In Level 2 dead people re-watch the memories of their lives. This is limbo, the place before Heaven – and there are hundreds of Level 2’s. But Felicia Ward is in a Level 2 with girls her own age who died around the same time she did. This is a draw-back for memory-sharing, because people gain points by sharing worthy memories with fellow Level 2 occupants, but the small pool of dead means you can’t watch memories of people who lived way back in the past, or your future, and the chances of sharing Level 2 with someone famous are slim to none, so there’s no watching the memories of a famous starlet’s life. So Felicia is, essentially, stuck in her own head – particularly fascinated with the memories of a boy called Neil, who she loved, and hopes to meet when she is finally granted entrance into Heaven.

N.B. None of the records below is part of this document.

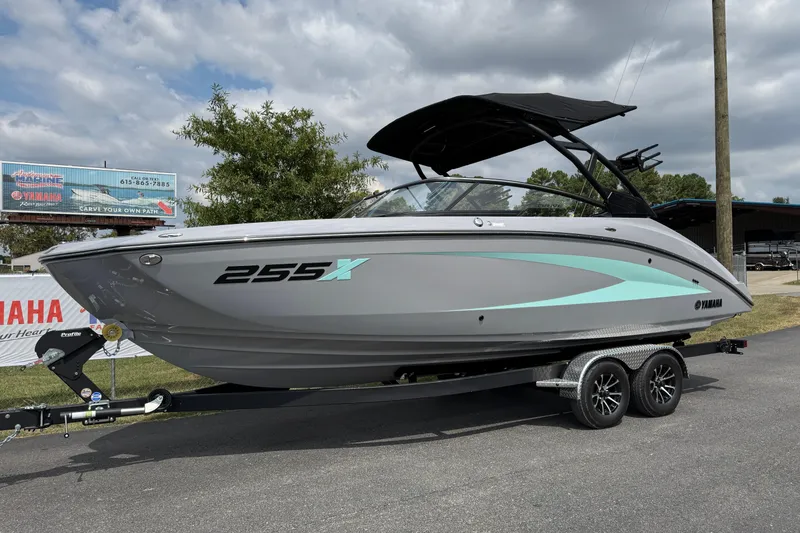 The Image of 2026 Yamaha Boats 255XD on trailer, sleek design, gray with teal accents, under cloudy sky. - 1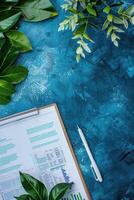 Clipboard with financial data on a blue surface with green plants, copy space photo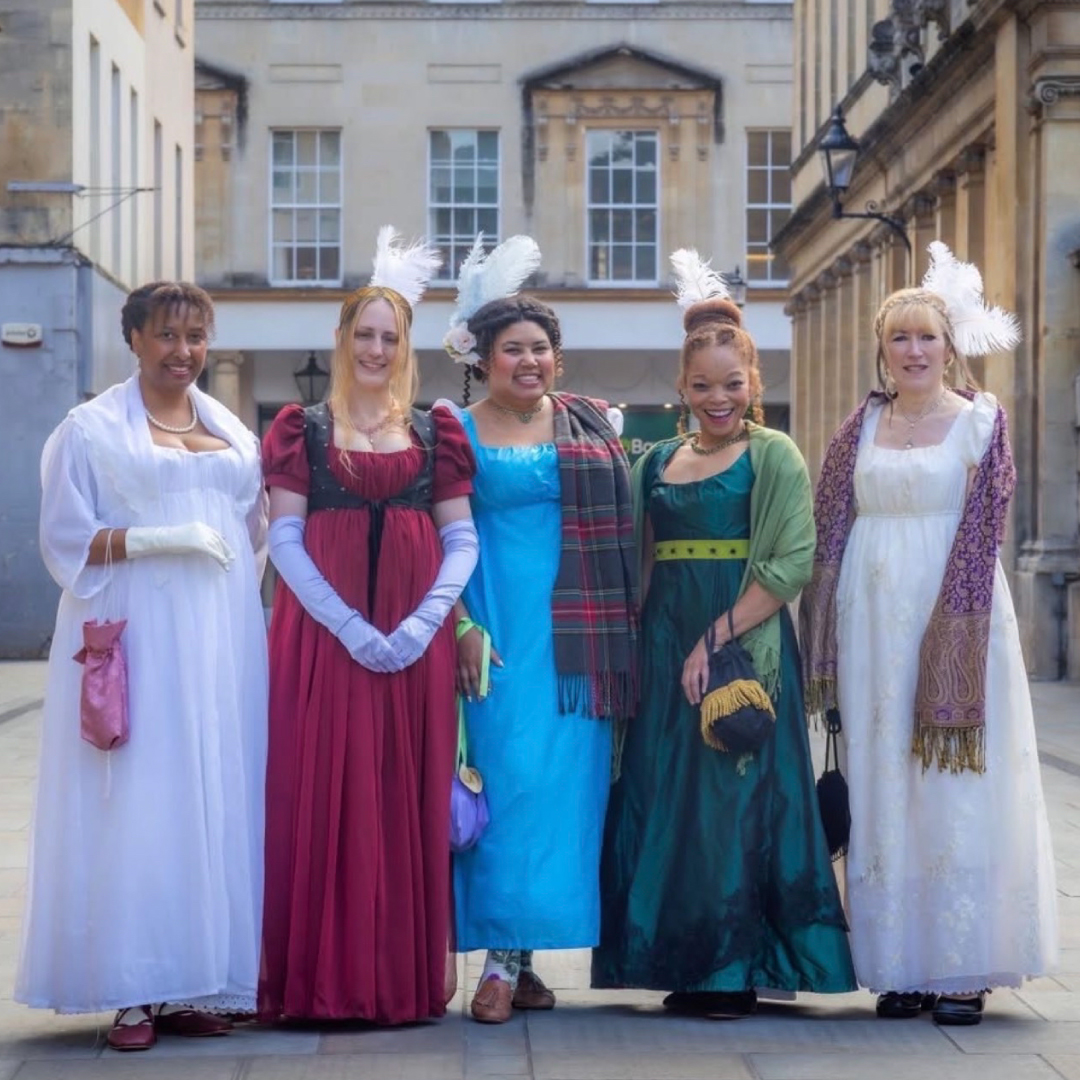 a group of five women wearing regency era costumes in a european city
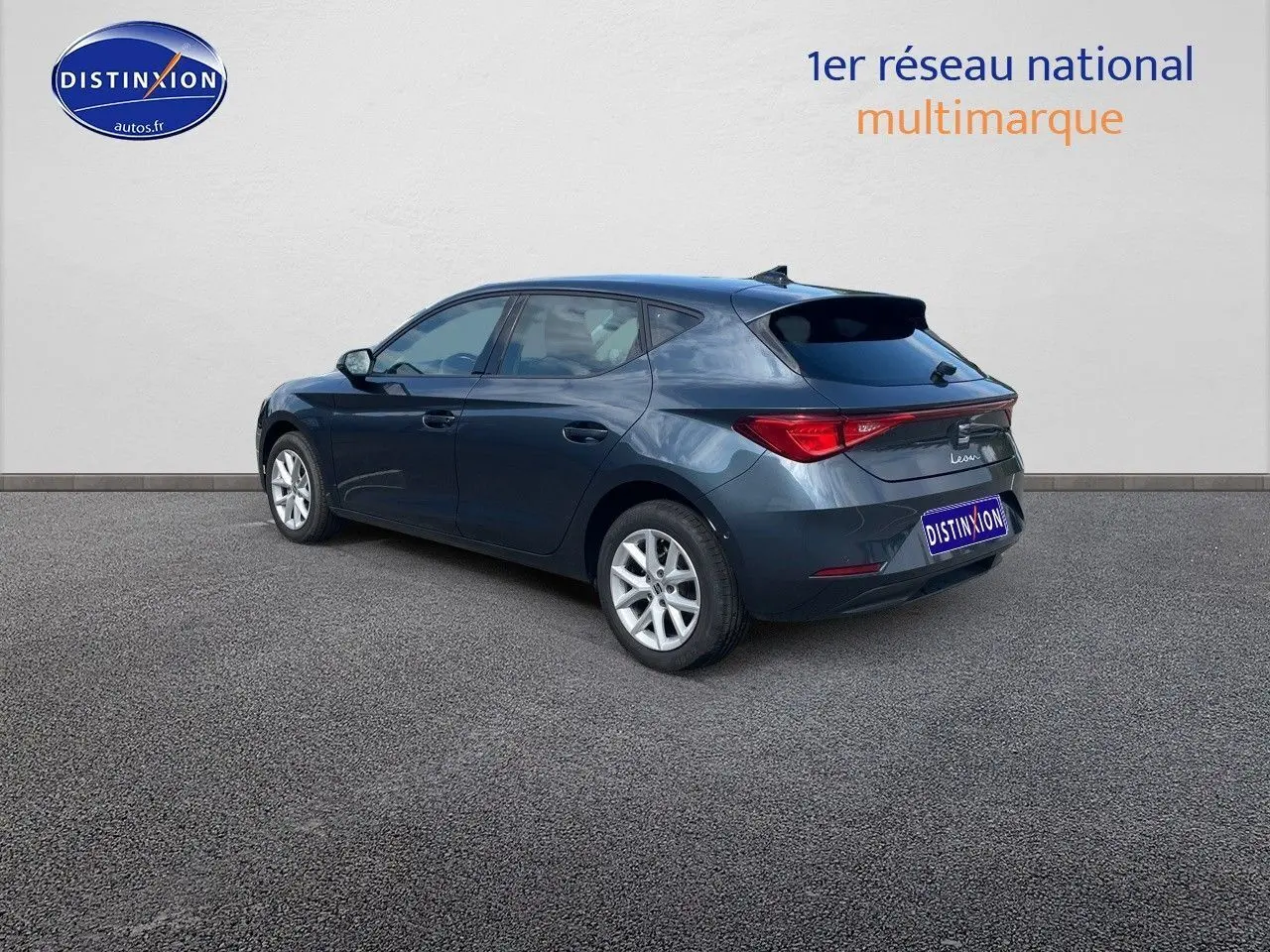 Vue 3/4 arrière droite d'une SEAT Leon IV gris magnétique métallisé avec jantes alliage et feux arrière LED.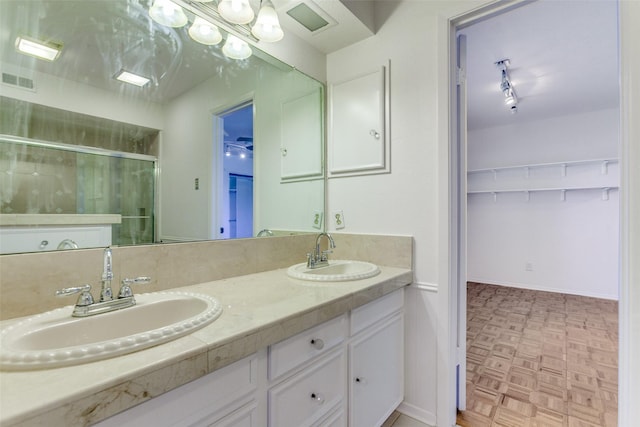 4818 Thunder Rd, Dallas, TX 75244 - bathroom featuring double vanity, a shower stall, and a spacious closet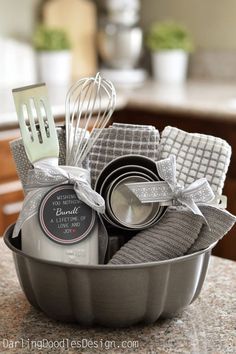 a metal pan filled with kitchen utensils on top of a counter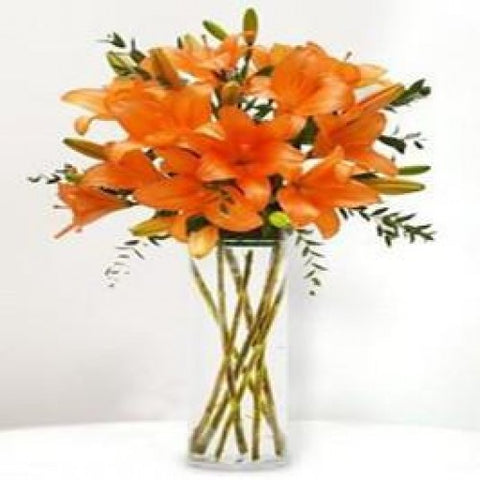 Harvest Hues: Breathtaking 10 Orange Lilies in a Glass Vase - A Taste of Autumn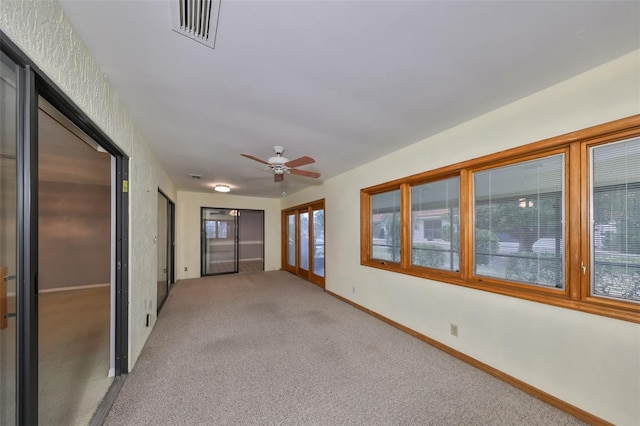 spare room with ceiling fan and carpet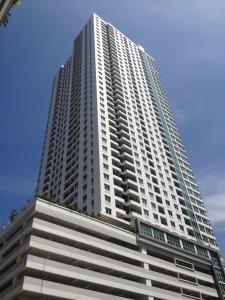 a tall white building with a blue sky at 2 Bedrooms - Thamrin Executive Apartment at Jakarta Center in Jakarta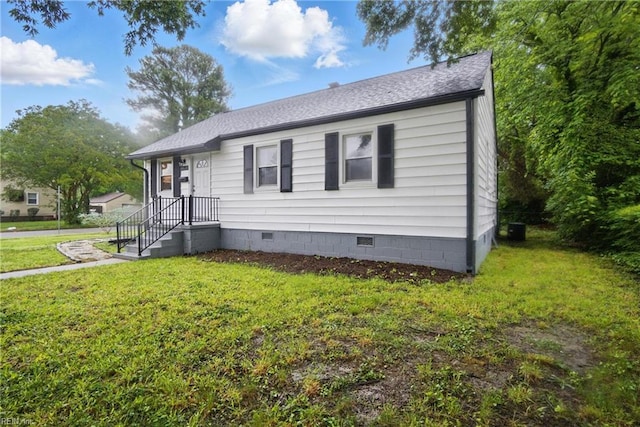 6628 Glenoak Dr, Norfolk, VA 23513 - view of front facade with crawl space, a front yard, and roof with shingles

This premise of a limbo centred on memory-watching really resonated with me. I think this is Appelhans making a rather wry and frightening commentary on how teenagers are living their virtual lives these days. I mean, could you imagine dying and being stuck with only your own memories for company? Imagine the memories teenagers today would have – it’d be all World of Warcraft flashbacks, PS3 and computer games. How dull. For what it’s worth, my memories would be filled with books, and I’m not so sure how I'd feel about that . . . though I’m glad I've travelled a bit to have those memories too. Appelhans really makes you squirm to think of the memories you’d have – and I think her depictions of this ‘pod’, memory-sharing life would ignite a few of us to get up and start living fully, if only to ensure we have worthy memories to carry us into limbo. 

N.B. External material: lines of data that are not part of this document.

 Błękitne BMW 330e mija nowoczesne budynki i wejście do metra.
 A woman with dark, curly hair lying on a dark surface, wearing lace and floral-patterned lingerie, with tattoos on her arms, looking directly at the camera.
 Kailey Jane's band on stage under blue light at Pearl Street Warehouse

The point is to keep trying new things, meeting new people, visiting new places. Once you settle into a rut, no matter how fun that rut may seem, you stagnate. You might as well be dead.

But Felicia’s looping, re-watching life is interrupted with the appearance of a boy on Level 2 – a boy from her life called Julian, who she was always attracted to and repulsed by, but holds real fascination in death for all his talk of ‘escape’, and his promise that he can take her to Neil. 

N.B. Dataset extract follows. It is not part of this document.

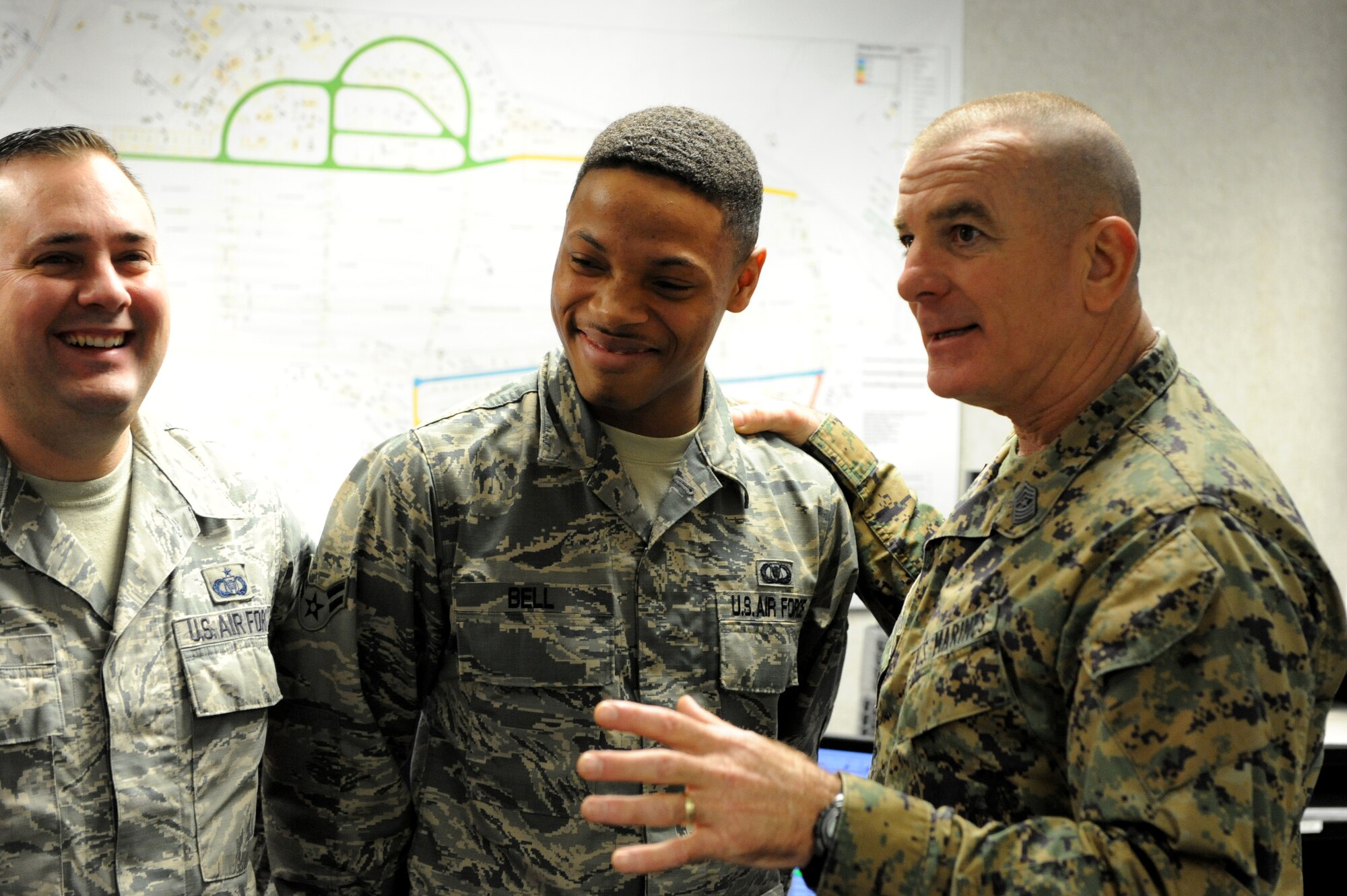 U.S. Marine Sgt. Maj. Bryan Battaglia, senior enlisted advisor to the chairman of the Joint Chiefs of Staff, asks questions and jokes around with Airman 1st Class Paris Bell, 18th Operations Support Squadron airfield management shift lead, on Kadena Air Base, Japan, Feb. 8, 2015.  Visiting allowed Battaglia to learn a little more about what Team Kadena does for the Department of Defense, but also about the many roles Kadena plays in global deterrence. (U.S. Air Force photo by Airman 1st Class Stephen G. Eigel)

Appelhan’s book is clever, that’s for sure. The memory-limbo stuff is in another Dystopian stratosphere entirely, and it’s the kind of thoughtful sci-fi plot that will have readers chewing over for days. It’s especially fascinating because the story is cut between Felicia’s time in her Matrix-like ‘pod’, where she’s hooked into her memories, and then flashbacks to the actual memories she’s reliving. The memory stuff is great – it legitimately time-jumps readers all around Felicia’s life without getting messy or confusing. 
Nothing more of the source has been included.